- [About this task]:
Copy the data exactly, pictures aside.

- [Supplied data]:
[Start of section]

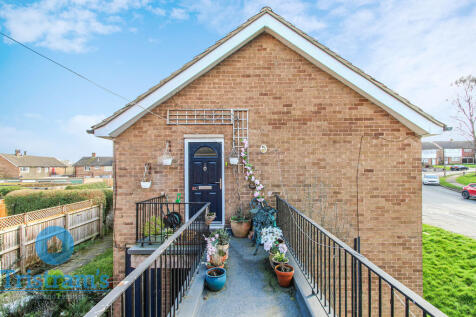 2 bedroom maisonette for sale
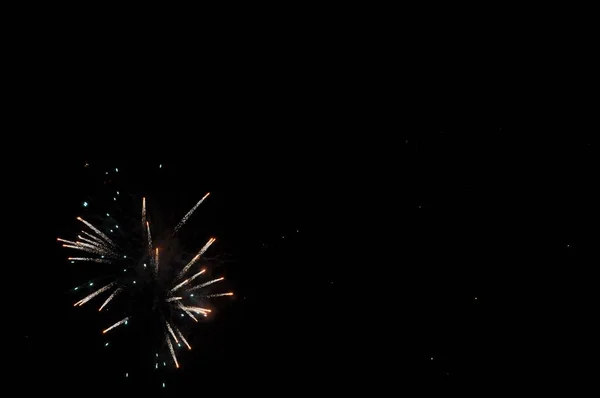 夜空中的烟火 新年的庆祝活动在夜晚闪烁着火花 在黑暗的天空背景下燃烧着圣诞的火花 烟花庆祝周年 — 图库照片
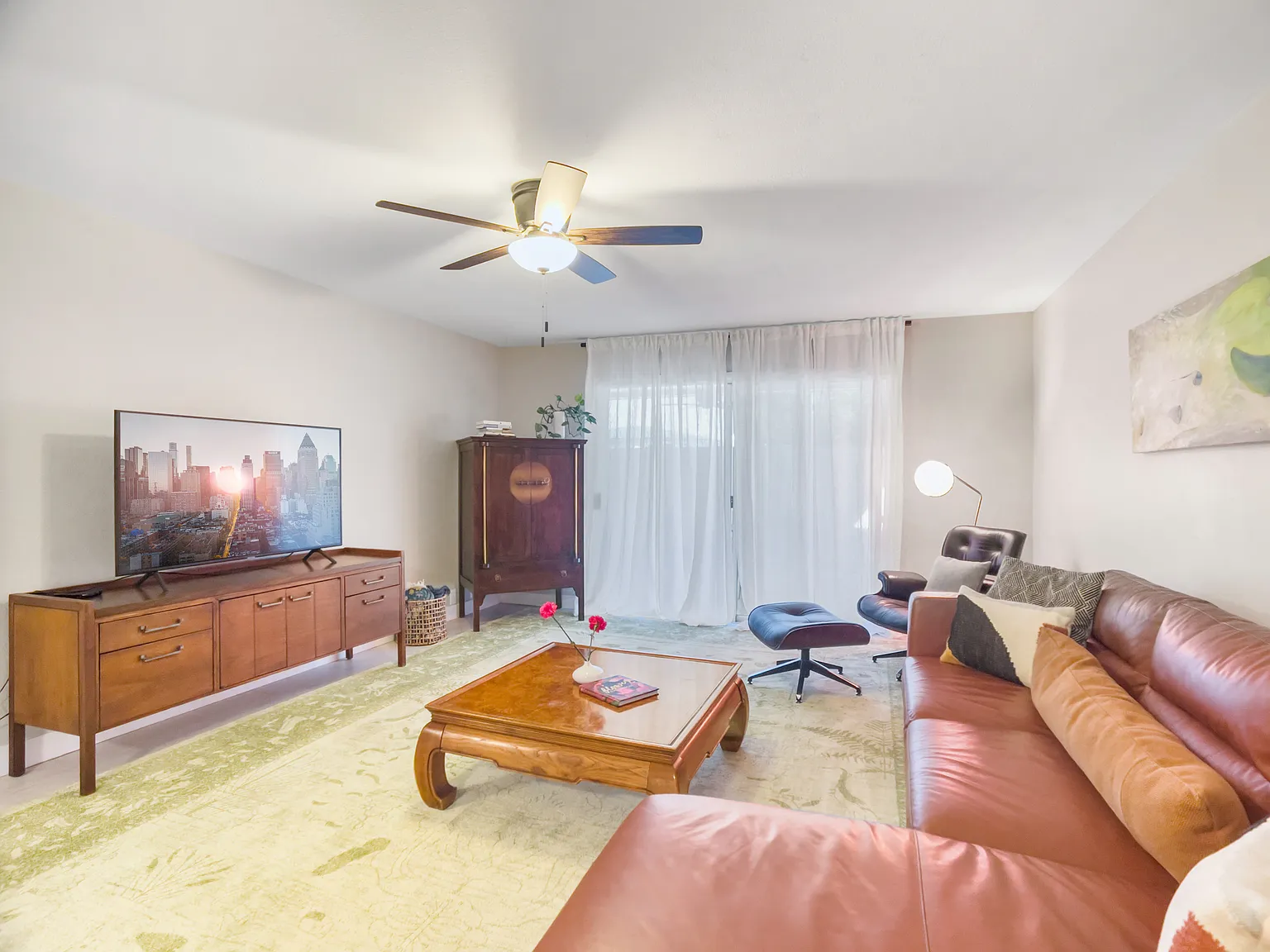 2 bed, 1465 sqft, $2,445 — Photo 1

[End of section]

- [Written solution]:
 2 bedroom maisonette for sale
 夜空中的烟火 新年的庆祝活动在夜晚闪烁着火花 在黑暗的天空背景下燃烧着圣诞的火花 烟花庆祝周年 — 图库照片
 2 bed, 1465 sqft, $2,445 — Photo 1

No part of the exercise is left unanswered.